Rafik Chekkat : « Islamophobia veut rompre avec le pessimisme et la morosité ambiante »

Rafik Chekkat. ©Mizane.info

Islamophobia : c’est la nouvelle plateforme de contenus en ligne sur l’islamophobie lancée ce jeudi 3 février. « Un outil au service de la réflexion et de la mobilisation » avec podcasts, vidéos, livres, et prochainement une revue papier, pour explorer les enjeux de la question musulmane en Europe et au-delà.
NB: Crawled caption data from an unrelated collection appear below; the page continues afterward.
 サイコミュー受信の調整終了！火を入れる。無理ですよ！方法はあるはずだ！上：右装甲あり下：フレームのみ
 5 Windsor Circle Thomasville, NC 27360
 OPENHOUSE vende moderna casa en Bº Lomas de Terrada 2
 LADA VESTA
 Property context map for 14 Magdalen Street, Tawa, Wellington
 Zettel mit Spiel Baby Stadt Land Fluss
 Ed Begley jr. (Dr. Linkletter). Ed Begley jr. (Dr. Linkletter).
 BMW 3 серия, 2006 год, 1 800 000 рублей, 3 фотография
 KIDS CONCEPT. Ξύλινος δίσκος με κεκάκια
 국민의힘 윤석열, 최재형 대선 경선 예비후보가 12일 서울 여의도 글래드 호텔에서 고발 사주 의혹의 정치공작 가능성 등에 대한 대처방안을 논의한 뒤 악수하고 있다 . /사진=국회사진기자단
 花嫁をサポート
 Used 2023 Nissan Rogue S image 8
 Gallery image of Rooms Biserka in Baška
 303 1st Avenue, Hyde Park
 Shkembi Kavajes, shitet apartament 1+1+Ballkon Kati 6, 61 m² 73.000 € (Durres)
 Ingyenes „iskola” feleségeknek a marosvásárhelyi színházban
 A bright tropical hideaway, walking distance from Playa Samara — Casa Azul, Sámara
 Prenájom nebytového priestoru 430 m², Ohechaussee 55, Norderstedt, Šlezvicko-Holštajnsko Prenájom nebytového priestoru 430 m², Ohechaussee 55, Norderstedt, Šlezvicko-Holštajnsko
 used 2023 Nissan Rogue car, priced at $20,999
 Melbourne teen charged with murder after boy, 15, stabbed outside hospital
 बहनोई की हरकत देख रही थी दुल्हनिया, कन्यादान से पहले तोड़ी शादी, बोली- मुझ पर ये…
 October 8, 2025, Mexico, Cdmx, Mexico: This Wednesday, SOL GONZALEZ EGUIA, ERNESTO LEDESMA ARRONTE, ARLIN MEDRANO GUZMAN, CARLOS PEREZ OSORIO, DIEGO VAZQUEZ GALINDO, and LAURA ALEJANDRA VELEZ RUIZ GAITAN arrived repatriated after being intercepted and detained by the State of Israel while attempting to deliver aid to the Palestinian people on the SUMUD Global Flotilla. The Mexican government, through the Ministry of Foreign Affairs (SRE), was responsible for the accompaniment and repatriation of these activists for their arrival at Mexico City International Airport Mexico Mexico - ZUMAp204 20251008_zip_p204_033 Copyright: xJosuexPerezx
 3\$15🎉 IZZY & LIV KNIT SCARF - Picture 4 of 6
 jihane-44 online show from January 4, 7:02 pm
Quels sont ses objectifs ? Qui l’anime ? Quelle sera sa marge de manœuvre dans un contexte post-loi sur le séparatisme ? Rafik Chekkat, co-fondateur d’Islamophobia, a répondu aux questions de Mizane.info. Exclusif.

Nouvelle plateforme en ligne dédiée à la question de l’islamophobie, Islamophobia est, selon les mots de l’un de ses co-fondateurs, Rafik Chekkat, « un outil au service de la réflexion et de la mobilisation » proposant podcasts et vidéos, reportages, documentaires, livres, rencontres et même revue papier, sur « la question musulmane » en Europe et au-delà. « Cet outil n’existait pas encore. Il nous fallait donc le créer », écrit-il sur sa page Facebook.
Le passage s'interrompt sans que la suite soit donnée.